Ao pé da montanha, a tia Wang jogava habilmente um punhado de capim recém-cortado na cesta nas costas e baixava a voz para falar com Zhu An’an:

— Se me perguntar, ainda bem que vocês não deram certo. Sabe aquele velho ditado, “cavalo” e “sorte” alguma coisa?

Zhu An’an sorriu e completou:

— “Quando o velho da fronteira perde o cavalo, quem sabe se não é uma bênção?”

A tia Wang assentiu várias vezes:

— Isso mesmo, é essa frase.

— Quem estudou é diferente mesmo, fala bonito.

Zhu An’an perguntou:

— A Panpan de vocês vai para a escola no ano que vem?

Panpan era a neta mais velha da tia Wang.

— Vai sim, é melhor a menina estudar mais, na minha opinião.

Assim, a conversa tomou outro rumo de maneira natural.

Enquanto falava com a tia Wang, Zhu An’an não parava de mexer as mãos, pensando em tudo aquilo.

Mesmo conhecendo o enredo original, ouvir e ver com os próprios olhos causava uma sensação diferente.

O escândalo na fábrica de máquinas estava maior do que ela imaginava, e dizem que todos que tinham contato com as pessoas envolvidas foram investigados.

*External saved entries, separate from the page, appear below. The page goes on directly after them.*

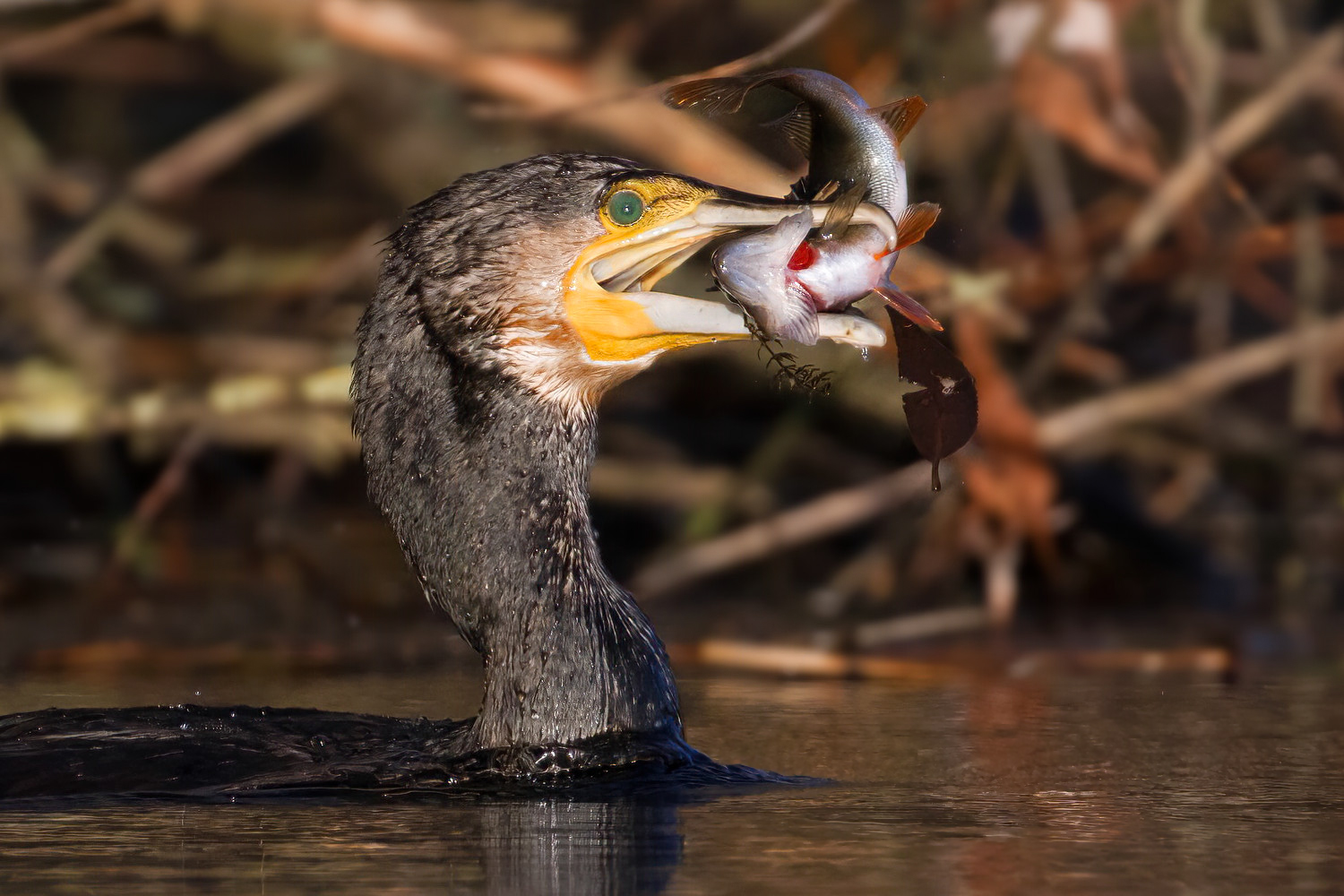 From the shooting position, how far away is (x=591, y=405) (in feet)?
15.4

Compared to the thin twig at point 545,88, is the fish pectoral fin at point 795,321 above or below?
below

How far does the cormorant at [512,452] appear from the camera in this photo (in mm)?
4414

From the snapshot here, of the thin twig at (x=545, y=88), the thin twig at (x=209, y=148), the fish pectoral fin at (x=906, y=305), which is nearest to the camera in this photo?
the fish pectoral fin at (x=906, y=305)

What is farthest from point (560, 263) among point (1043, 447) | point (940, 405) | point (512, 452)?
point (1043, 447)

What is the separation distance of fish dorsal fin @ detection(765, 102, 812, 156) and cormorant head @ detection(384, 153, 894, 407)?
18 centimetres

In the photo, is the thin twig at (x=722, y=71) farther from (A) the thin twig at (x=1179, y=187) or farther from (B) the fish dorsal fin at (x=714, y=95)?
(A) the thin twig at (x=1179, y=187)

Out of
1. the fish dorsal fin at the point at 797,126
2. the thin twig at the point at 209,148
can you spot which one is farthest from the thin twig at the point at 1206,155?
the fish dorsal fin at the point at 797,126

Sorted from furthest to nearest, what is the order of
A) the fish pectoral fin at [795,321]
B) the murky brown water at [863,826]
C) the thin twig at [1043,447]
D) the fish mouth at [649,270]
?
the thin twig at [1043,447] < the fish mouth at [649,270] < the fish pectoral fin at [795,321] < the murky brown water at [863,826]

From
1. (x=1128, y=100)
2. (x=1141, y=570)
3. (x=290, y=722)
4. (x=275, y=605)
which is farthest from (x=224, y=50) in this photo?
(x=290, y=722)

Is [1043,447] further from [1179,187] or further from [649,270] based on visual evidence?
[649,270]

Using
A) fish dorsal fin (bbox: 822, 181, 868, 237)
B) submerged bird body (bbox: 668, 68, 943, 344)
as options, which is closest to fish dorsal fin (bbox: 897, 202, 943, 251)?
submerged bird body (bbox: 668, 68, 943, 344)

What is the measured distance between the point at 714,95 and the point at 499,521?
3.15 ft

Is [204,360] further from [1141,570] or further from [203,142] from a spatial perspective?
[1141,570]

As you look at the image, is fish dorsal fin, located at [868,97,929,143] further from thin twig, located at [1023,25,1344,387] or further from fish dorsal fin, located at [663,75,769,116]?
thin twig, located at [1023,25,1344,387] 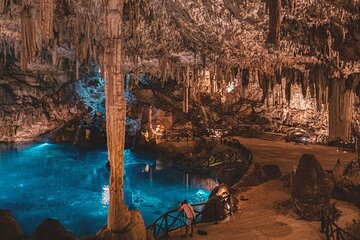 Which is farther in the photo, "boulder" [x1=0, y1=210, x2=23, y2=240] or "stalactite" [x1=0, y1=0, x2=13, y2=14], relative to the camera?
"stalactite" [x1=0, y1=0, x2=13, y2=14]

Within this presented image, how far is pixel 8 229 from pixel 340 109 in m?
18.0

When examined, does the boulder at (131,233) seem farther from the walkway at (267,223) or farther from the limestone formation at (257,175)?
the limestone formation at (257,175)

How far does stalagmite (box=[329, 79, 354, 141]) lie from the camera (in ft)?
58.9

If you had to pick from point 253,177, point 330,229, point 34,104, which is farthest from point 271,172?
point 34,104

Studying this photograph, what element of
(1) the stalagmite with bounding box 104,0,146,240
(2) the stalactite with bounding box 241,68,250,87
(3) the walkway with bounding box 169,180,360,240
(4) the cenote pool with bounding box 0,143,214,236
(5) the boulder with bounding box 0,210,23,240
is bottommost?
(4) the cenote pool with bounding box 0,143,214,236

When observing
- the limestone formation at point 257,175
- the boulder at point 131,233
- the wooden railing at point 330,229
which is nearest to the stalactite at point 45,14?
the boulder at point 131,233

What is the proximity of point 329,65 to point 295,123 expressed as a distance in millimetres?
9480

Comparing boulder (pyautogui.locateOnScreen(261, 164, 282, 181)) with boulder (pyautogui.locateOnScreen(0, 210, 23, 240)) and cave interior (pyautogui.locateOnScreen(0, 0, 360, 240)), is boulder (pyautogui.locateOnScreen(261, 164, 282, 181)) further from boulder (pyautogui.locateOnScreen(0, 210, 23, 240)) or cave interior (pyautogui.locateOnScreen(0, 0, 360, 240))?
boulder (pyautogui.locateOnScreen(0, 210, 23, 240))

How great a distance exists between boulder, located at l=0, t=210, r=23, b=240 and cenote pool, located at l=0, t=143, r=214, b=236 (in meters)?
4.36

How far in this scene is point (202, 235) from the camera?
293 inches

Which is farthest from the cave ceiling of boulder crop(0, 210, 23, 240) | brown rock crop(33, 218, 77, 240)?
brown rock crop(33, 218, 77, 240)

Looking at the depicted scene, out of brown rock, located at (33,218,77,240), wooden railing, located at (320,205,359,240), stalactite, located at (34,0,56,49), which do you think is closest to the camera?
brown rock, located at (33,218,77,240)

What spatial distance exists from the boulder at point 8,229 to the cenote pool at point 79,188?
14.3ft

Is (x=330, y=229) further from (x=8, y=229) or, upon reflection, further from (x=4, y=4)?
(x=4, y=4) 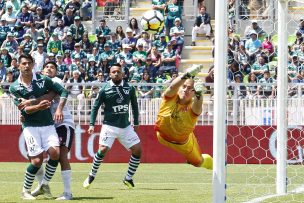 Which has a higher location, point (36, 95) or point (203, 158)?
point (36, 95)

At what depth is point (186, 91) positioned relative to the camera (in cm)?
1656

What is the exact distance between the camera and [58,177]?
18984 mm

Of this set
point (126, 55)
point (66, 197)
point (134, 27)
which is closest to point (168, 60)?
point (126, 55)

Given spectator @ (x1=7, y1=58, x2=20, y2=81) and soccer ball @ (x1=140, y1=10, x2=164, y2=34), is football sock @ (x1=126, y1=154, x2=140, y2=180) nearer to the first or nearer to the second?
soccer ball @ (x1=140, y1=10, x2=164, y2=34)

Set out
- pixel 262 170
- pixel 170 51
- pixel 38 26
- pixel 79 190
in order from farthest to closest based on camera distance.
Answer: pixel 38 26 → pixel 170 51 → pixel 262 170 → pixel 79 190

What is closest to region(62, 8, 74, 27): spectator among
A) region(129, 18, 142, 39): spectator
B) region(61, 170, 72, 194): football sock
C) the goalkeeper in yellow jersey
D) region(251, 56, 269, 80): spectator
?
region(129, 18, 142, 39): spectator

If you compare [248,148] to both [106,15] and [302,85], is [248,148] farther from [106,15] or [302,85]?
[106,15]

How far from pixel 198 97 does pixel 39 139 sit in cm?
313

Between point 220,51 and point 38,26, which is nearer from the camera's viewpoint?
point 220,51

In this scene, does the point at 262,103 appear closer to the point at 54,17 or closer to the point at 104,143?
the point at 104,143

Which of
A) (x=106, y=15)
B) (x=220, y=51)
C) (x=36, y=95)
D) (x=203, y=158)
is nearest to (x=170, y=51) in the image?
(x=106, y=15)

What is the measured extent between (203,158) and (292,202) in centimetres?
362

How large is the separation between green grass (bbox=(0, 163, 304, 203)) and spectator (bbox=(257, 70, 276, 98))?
163cm

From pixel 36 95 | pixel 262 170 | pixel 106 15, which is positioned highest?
pixel 106 15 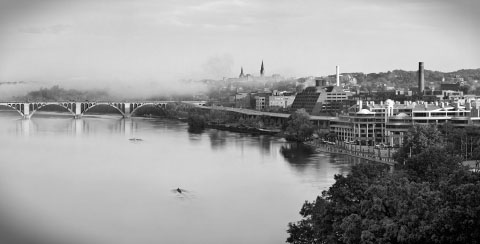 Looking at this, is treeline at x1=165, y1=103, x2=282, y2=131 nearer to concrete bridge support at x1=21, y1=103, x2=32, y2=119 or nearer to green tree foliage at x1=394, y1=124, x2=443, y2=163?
concrete bridge support at x1=21, y1=103, x2=32, y2=119

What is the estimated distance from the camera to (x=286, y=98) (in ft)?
67.2

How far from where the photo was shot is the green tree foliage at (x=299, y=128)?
1159cm

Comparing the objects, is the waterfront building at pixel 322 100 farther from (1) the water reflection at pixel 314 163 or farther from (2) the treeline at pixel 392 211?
(2) the treeline at pixel 392 211

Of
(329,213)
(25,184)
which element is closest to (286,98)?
(25,184)

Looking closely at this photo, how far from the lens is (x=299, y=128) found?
11977 millimetres

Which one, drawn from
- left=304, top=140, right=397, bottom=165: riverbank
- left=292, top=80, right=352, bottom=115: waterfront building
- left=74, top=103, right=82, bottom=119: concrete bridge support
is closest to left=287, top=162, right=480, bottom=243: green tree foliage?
left=304, top=140, right=397, bottom=165: riverbank

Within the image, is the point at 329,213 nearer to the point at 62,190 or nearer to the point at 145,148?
the point at 62,190

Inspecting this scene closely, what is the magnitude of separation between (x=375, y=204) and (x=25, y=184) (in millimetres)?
4407

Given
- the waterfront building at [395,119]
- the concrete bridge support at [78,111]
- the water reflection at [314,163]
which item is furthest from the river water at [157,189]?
the concrete bridge support at [78,111]

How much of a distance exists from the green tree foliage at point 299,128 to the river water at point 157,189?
39cm

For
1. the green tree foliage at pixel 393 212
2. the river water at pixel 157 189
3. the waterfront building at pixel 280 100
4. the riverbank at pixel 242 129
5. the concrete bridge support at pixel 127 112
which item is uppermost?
the waterfront building at pixel 280 100

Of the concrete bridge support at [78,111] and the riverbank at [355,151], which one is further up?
the concrete bridge support at [78,111]

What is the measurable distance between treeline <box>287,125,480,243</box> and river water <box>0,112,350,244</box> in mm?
834

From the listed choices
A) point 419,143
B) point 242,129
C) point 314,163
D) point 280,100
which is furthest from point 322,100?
Answer: point 419,143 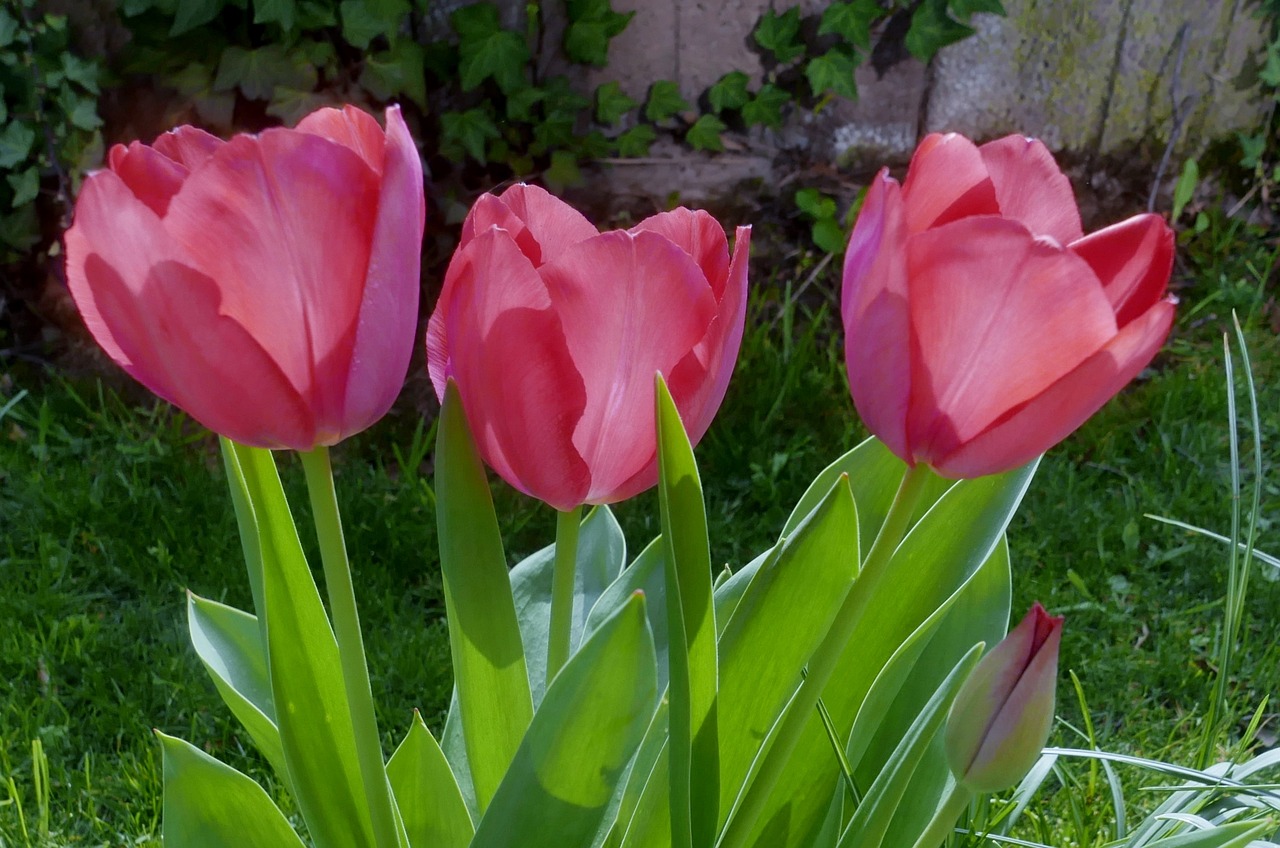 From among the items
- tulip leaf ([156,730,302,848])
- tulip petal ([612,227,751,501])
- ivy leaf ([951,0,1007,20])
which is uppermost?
tulip petal ([612,227,751,501])

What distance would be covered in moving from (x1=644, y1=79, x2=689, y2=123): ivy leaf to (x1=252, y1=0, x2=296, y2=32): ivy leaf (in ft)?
2.48

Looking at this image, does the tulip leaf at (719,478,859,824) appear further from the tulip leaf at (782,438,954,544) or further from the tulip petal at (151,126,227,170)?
the tulip petal at (151,126,227,170)

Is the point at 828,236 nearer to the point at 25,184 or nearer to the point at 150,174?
the point at 25,184

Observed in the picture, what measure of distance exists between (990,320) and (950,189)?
0.07 meters

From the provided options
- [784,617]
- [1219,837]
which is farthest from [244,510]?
[1219,837]

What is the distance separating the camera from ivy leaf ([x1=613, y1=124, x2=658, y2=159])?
251cm

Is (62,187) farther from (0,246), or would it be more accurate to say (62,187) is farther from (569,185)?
(569,185)

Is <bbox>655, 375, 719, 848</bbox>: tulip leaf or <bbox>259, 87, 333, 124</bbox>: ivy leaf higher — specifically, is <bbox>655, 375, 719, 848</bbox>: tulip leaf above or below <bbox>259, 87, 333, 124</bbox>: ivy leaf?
above

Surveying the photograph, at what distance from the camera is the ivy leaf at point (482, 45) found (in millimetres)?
2318

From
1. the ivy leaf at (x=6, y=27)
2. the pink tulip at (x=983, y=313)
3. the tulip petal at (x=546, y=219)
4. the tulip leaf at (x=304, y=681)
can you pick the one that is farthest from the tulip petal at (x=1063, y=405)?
the ivy leaf at (x=6, y=27)

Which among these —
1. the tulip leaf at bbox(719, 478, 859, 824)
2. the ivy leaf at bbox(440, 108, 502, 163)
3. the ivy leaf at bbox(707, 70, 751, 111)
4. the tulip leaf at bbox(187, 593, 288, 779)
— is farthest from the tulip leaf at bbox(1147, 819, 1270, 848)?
the ivy leaf at bbox(707, 70, 751, 111)

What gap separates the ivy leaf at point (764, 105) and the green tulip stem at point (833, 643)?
2.11m

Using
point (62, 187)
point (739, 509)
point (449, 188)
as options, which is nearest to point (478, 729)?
point (739, 509)

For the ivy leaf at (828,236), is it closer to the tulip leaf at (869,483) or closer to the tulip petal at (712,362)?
the tulip leaf at (869,483) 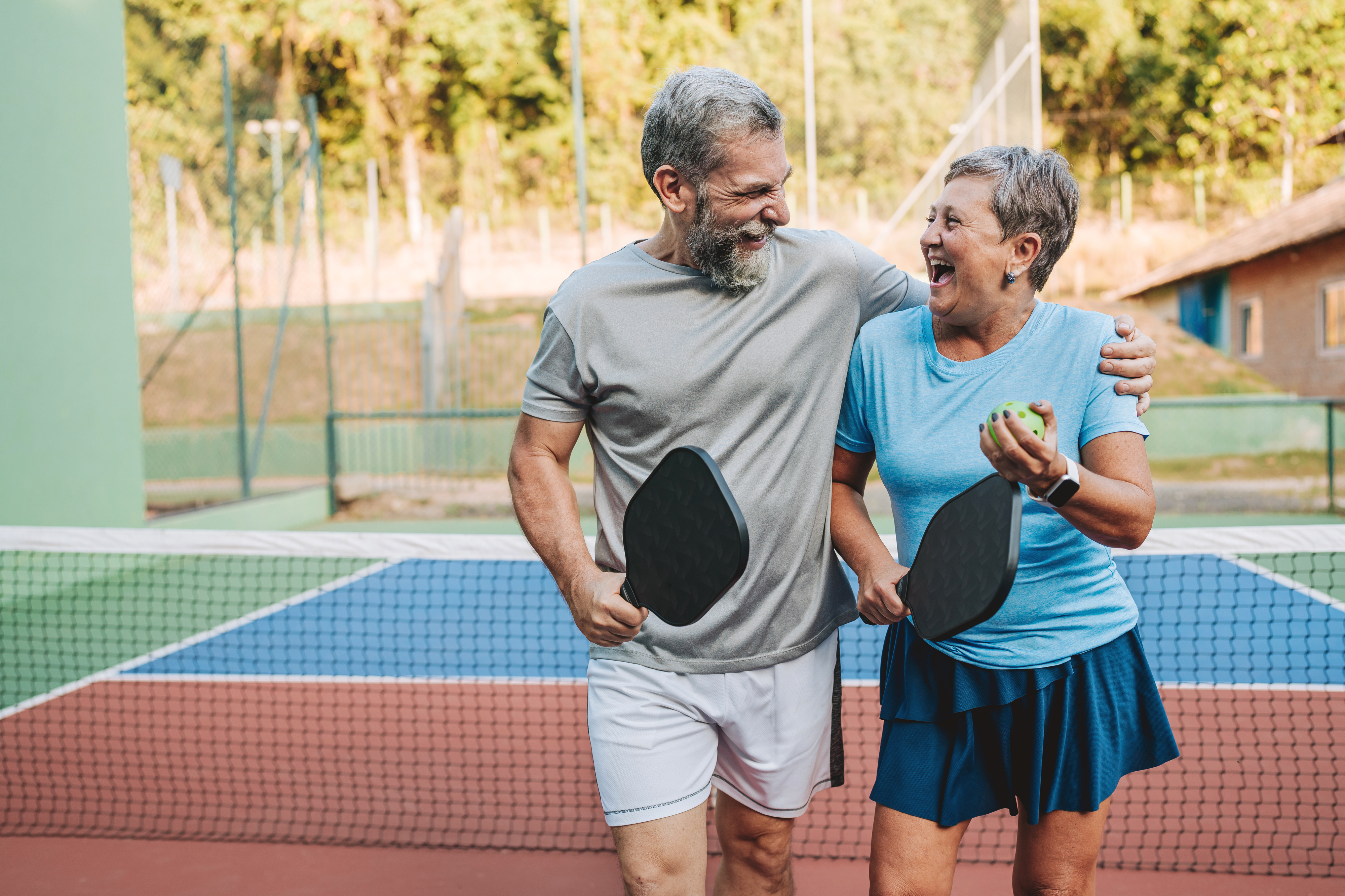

Essa investigação trouxe à tona muitas outras coisas; em qualquer época, há quem se aproveite de poder para oprimir os outros.

Era como puxar uma cenoura e arrastar toda a lama junto; a sentença final ainda demoraria um pouco.

Como alguém que um dia quase se casou com o “bobo” da vila, Zhu An’an não foi chamada para depor, afinal, quando o original teve problemas, ela já havia passado pela delegacia.

Todos na polícia sabiam o que aconteceu, e ninguém suspeitava que uma simples garota do campo tivesse qualquer ligação com um caso tão grande.

Mas Zhu An’an não imaginava que, de certa forma, aquilo tinha um pouco a ver com ela.

Primeiro, porque o policial Li, responsável pelo caso, enviou um terço do valor das despesas médicas que a família do “bobo” deveria pagar.

Zhu An’an segurou aquele dinheiro com sentimentos mistos e, mais uma vez, admirou o policial Li, um verdadeiro servidor do povo, que apesar da correria, não esqueceu daquela órfã do campo.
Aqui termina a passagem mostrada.